4

Can the Google Speech API be configured to only return numbers and letters, as opposed to full words?

The use case is translating Canadian postal codes. Ex. M 1 B 0 R 3. Google may return "Em 1 Be 0 Are 3"

We have tried:

  • Using speechContexts and feeding in letters A - Z, as individual phrases. This improved the accuracy for us. We did not have much success passing in individual numbers (ex 1, 2, 3).
  • Specifying the codec and sample rate of our WAV file using the encoding and sampleRateHertz configuration options. We saw no improvement in doing this as we believe Google already does a great job of auto-recognizing the the sample rate and encoding.

Our audio file is 8000hz and encoded with "M-ULAW". We have no flexibility in changing the sample rate or encoding.

Is there a way to get a more accurate response from Google for this use case? Even ideas for better speechContexts phrases are welcome.

Thank you

Bobby Bruce
  • 341
  • 5
  • 12
  • 1
    And what is your current accuracy? – Nikolay Shmyrev Jul 25 '17 at 21:09
  • 1
    You also asked https://stackoverflow.com/questions/45312110/can-microsoft-bing-speech-be-configured-to-return-only-numbers-letters – Nikolay Shmyrev Jul 26 '17 at 17:11
  • 1
    In such a case it is better to train open source recognizer, it will be much more responsive too. – Nikolay Shmyrev Jul 26 '17 at 17:12
  • I presume you are referring to a tool such as CMUSphinx, which I see you are a developer for. I can give this a shot, as this is a greenfield project. – Bobby Bruce Jul 27 '17 at 13:29
  • Yes - I did ask the same question as I've been testing with Bing Speech as well. That question is slightly different though, as i believe Microsoft offers more granular controls, or "scenarios", to interpret speech. My current accuracy is poor - about 35% match rate. – Bobby Bruce Jul 27 '17 at 13:31
  • I gave an answer at https://stackoverflow.com/questions/45312110/can-microsoft-bing-speech-be-configured-to-return-only-numbers-letters/45360883#45360883 I'm going to flag this one as a duplicate. Go ahead and edit your first question to include more information if you want. – John Wiseman Jul 27 '17 at 22:41
  • Possible duplicate of [Can Microsoft Bing Speech be configured to return only numbers / letters?](https://stackoverflow.com/questions/45312110/can-microsoft-bing-speech-be-configured-to-return-only-numbers-letters) – John Wiseman Jul 27 '17 at 22:42
  • @JohnWiseman these are two similar questions, but discuss two very different APIs – Bobby Bruce Jul 28 '17 at 12:06
  • @BobbyBruce did you find a solution ? – Ivan Fontalvo Apr 17 '20 at 02:52

1 Answers1

1

We are experiencing the same results, we would love to have a syntax based "context" suggestion or a parameter to force only digit return variable.

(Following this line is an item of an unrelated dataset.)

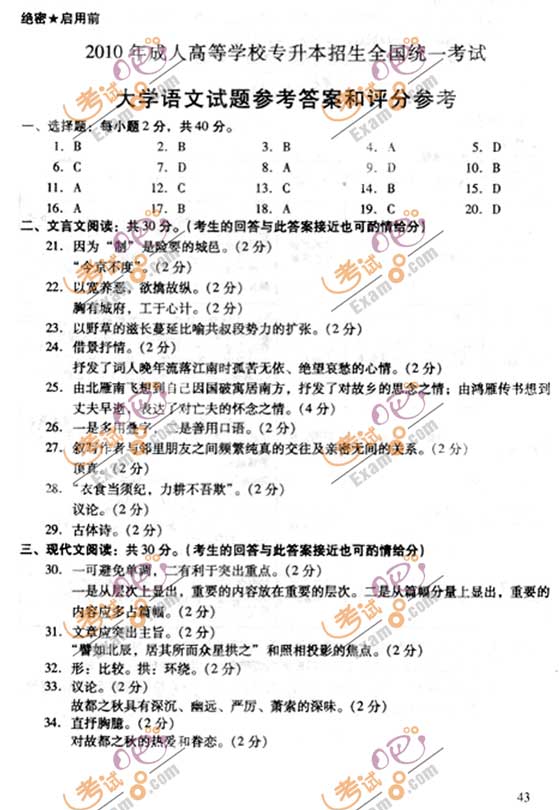 2010成人高考专升本语文试题及答案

Changes in api version isn't fixing the way the digits are recognised, not even using model: phone_call.

What actually was better for recognising some kind of numbers, was to switch to en_US locale and that in turn forced the recognition engine to identify a list of numbers as a phone. So it was returned in phone-like syntax with +XXX-XXX-XXX-XXXX and this made detection really really good.

So I don't understand why Google has syntax matching behind the curtains and doesn't make it available through their api.